GNOME Bugzilla – Bug 124514
Backspace removes base-character with combining-character
Last modified: 2004-12-22 21:47:04 UTC
- Type a Persian/Arabic text in any gnome app, like gedit. sample: "سلام" - Put a combining Persian/Arabic character at the end of it. like: "ِ" - Now press [BackSpace] key; The combining character, and it's previus character will be deleted. The sample will be: "سلا" then. In Persian/Arabic writing and typesetting, [BackSpace] only removes the combining character, not anything else. It's very important for Persian/Arabic input.
*** This bug has been marked as a duplicate of 119891 ***
The patch below make pango not to delete arabic marks with their base. It just sets log_attr.is_cursor_position TRUE, for arabic marks.
Created attachment 23598 [details] [review] Not to delete Arabic marks with their base
Pango-1.3 has backspace_deletes_character, in PangoLogAttr the correct change is to make GtkEntry and GtkTextView respect that (And note this bug is resolved as a duplicate of a different bug)

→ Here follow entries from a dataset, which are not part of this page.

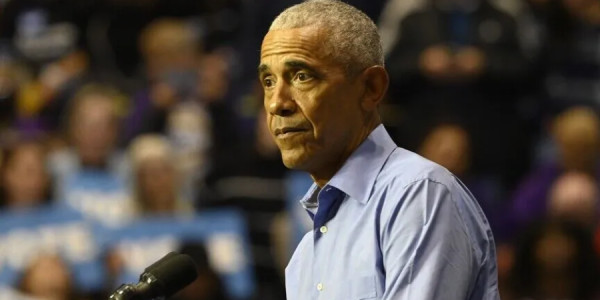 Obama və Harris süni intellektə nəzarətə çağırıb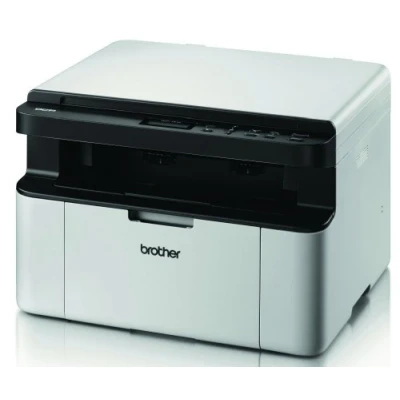 Image de Brother DCP 1510E multifonctionnel multifonctions (Laser, Mono printing, copying, Colour scanning, 9000 pages par mois, 200 MHz)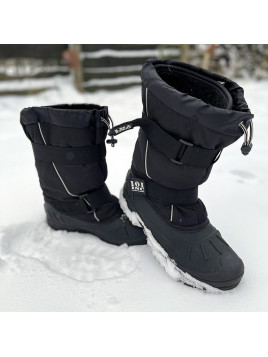 Bottes grand froid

Dear Owen, For arabic marks the is_cursor_position have to be TRUE. Because, when an arabic mark character is entered, they want the cursor to trace the marks too, not only the bases. In other words, (to complete this bug,) now pango-1.3 1- doesn't place the cursor for marks and place the cursor just for bases and, 2- it deletes marks with their bases. So, I think making is_cursor_position TRUE is right for arabic, and when is_cursor_position is made true the backspace_deletes_character is made true, implicitly. Best Regards
Soheil, If you read Owen's comment again, it's a bug in Gtk now that does not support (honor) backspace_deletes_character. And no, I'm not sure if Arabic marks should have cursor_position, but yes, that's the way the other OS handles it. Roozbeh?

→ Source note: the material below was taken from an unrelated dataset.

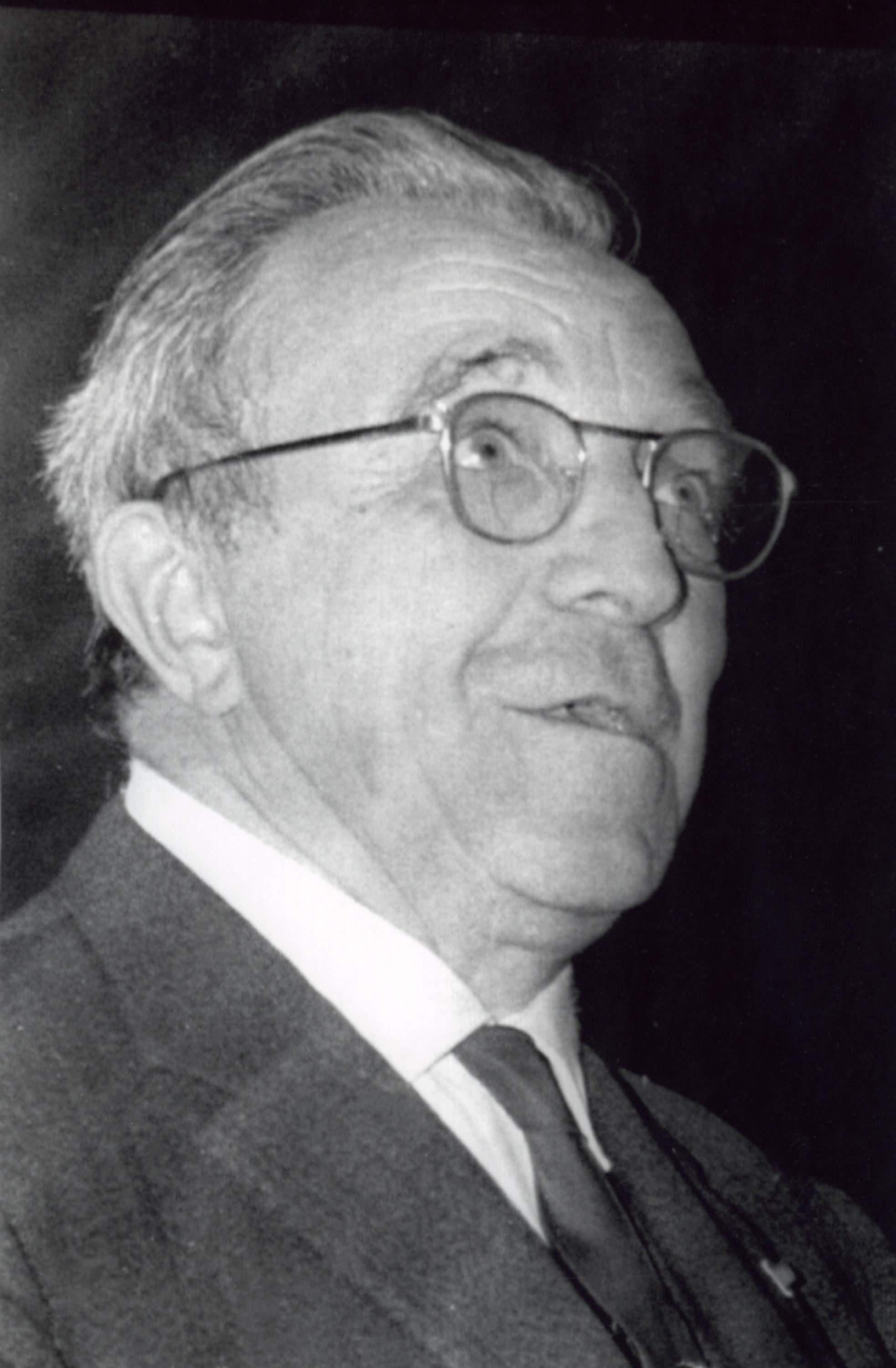 Louis Néel Fotografia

Behdad, By my comment, implicitly, I mean that pango should handle that. So, I complete my comment: Pango has functions, providing cursor position of the given character index ( (.*)index_to_(x|pos) ) and some of them are using the log_attr values ( e.g. is_cursor_position ) to get the position of the given character index, so I think that Pango should handle such this thing not GTK. Owen? Best Regards
For most languages, you really don't want a cursor position before marks / within clusters. So the backspace_deletes_character logical attribute is needed. And backspace_deletes_character is implemented in Pango, but its the GTK+ code that needs to pay attention to it. I don't know what the correct behavior is for Arabic where the marks indicate vowels rather than modifying the base character. My concerns about putting a cursor position between the vowel mark and base character are the following: - Pango's handling of cursor positioning is very simple - the cursor just linearly advances through the cluster for each cursor position within it. I'm not sure it will be clear to the user what is going on without a fancier display of the cursor. - If the extra cursor position is there, the user is given many more ways of creating invalid combinations of mark without base character, and that will increase user confusion. Let's get the backspace_deletes_character working for GTK+-2.3.3, see how Arabic-script users like it, and then consider whether we actually want to add extra cursor positions.
Setting is_cursor_position is necessary for dotted-circle representation of combining-marks. Suppose you've a Unicode string such as: logicalOrder = [U+0627 U+064B U+064C] according to dotted-circle rule of Unicode standard this string should be displayed visually as (G+XXXX = glyph of U+XXXX): visualOrder = [G+06CC G+064C G+0627 G+064B] Pango compute Logical Attributes for logicalOrder and there is no way other than setting the is_cursor_position of U+064C to indicate there is a cursor stop before the G+06CC
Mehran, Seems like a good thing not to be able to stop before the implicit dotted circle :).